* Information supplied *

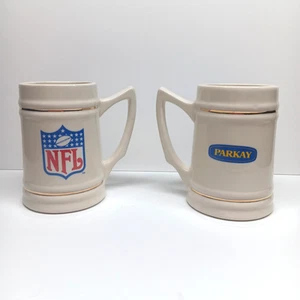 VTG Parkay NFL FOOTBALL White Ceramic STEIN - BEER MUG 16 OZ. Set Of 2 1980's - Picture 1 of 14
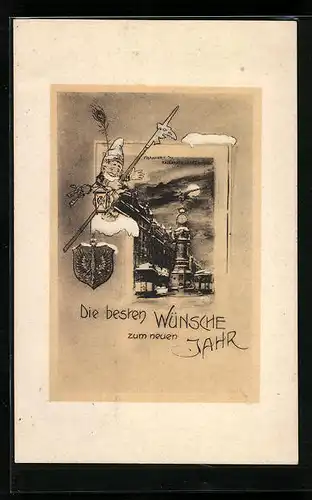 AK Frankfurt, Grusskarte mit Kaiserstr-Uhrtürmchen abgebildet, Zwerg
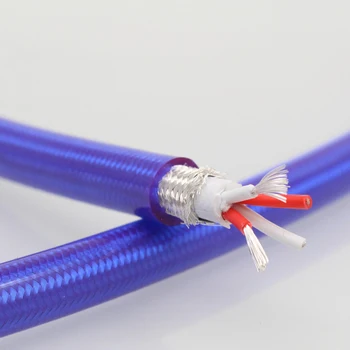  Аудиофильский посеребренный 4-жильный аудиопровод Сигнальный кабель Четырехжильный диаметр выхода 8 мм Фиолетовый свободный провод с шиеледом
...
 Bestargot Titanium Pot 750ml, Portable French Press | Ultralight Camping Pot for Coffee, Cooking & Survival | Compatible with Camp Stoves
* * *
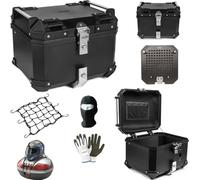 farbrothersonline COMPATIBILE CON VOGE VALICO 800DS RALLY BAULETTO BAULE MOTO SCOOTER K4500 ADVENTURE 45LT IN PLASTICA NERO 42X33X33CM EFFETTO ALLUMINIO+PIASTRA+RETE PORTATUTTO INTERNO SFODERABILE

* Assigned task *
Return, exactly as they stand, the lines above from the one with "VTG Parkay NFL" to the one with "Аудиофильский посеребренный 4-жильный", omitting any pictures among them.

* Response below *
 VTG Parkay NFL FOOTBALL White Ceramic STEIN - BEER MUG 16 OZ. Set Of 2 1980's - Picture 1 of 14
 AK Frankfurt, Grusskarte mit Kaiserstr-Uhrtürmchen abgebildet, Zwerg
  Аудиофильский посеребренный 4-жильный аудиопровод Сигнальный кабель Четырехжильный диаметр выхода 8 мм Фиолетовый свободный провод с шиеледом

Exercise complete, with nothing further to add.